Ahora en julio pongo la tele con mi hijo y los dos jugamos a alternarnos en la narración en directo. Y cuando acaba la etapa le hablo de Bahamontes, del que hay foto en casa, subiendo el Puy de Dôme, con la catedral de Clermont Ferrand al fondo. Y de Julio Jiménez, de Fuente, de Ocaña, de Perico y de Indurain. Y hasta de la Pulga de Torrelavega. Y le hablo del Tour como me habló mi padre: como cumbre del deporte, desafío a los límites del ser humano, instinto de superación. Y exaltación de la belleza del paisaje rural y urbano de Francia. De las cumbres de los Alpes y los Pirineos.

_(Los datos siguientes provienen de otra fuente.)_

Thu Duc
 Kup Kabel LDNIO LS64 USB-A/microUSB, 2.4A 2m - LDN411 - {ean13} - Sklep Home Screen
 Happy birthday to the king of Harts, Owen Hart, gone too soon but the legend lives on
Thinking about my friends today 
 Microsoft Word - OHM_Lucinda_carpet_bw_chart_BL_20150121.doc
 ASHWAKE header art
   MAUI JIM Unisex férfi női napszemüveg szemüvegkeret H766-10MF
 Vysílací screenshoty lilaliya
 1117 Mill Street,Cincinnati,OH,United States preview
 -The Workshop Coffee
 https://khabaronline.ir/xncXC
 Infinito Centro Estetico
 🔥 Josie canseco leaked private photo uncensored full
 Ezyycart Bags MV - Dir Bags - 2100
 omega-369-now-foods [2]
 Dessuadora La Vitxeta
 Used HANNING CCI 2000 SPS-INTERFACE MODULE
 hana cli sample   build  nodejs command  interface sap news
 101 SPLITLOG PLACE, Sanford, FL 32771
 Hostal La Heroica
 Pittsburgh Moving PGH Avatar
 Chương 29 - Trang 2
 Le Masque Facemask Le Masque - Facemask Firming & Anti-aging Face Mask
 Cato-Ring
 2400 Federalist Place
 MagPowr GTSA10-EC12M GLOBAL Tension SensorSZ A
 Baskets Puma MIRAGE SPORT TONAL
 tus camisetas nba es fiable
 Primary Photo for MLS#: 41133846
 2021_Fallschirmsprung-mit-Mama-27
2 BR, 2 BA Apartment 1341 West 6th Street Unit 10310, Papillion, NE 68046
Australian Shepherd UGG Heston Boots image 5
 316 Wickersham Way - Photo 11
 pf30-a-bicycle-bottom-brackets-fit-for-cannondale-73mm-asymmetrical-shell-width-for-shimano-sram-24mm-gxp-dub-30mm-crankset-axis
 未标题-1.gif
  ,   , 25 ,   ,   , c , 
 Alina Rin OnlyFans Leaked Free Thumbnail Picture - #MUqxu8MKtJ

Son cien años ya de Tour. No cien tours exactamente, porque dos guerras mundiales han hecho gruesas muescas en su calendario. Pero cien años, en todo caso, desde que Henry Desgrange puso en marcha esta colosal iniciativa. En la cumbre del Galibier tiene un monumento. Un día pasé por allí, acompañando una etapa del Tour. Quise apearme para hacerme una foto, pero los ciclistas venían cerca y no se podía parar el coche, porque nos rebasarían y llegaríamos a meta después de ellos. Han pasado bastantes años, pero aún me duele no haberme bajado. Me debo esa foto.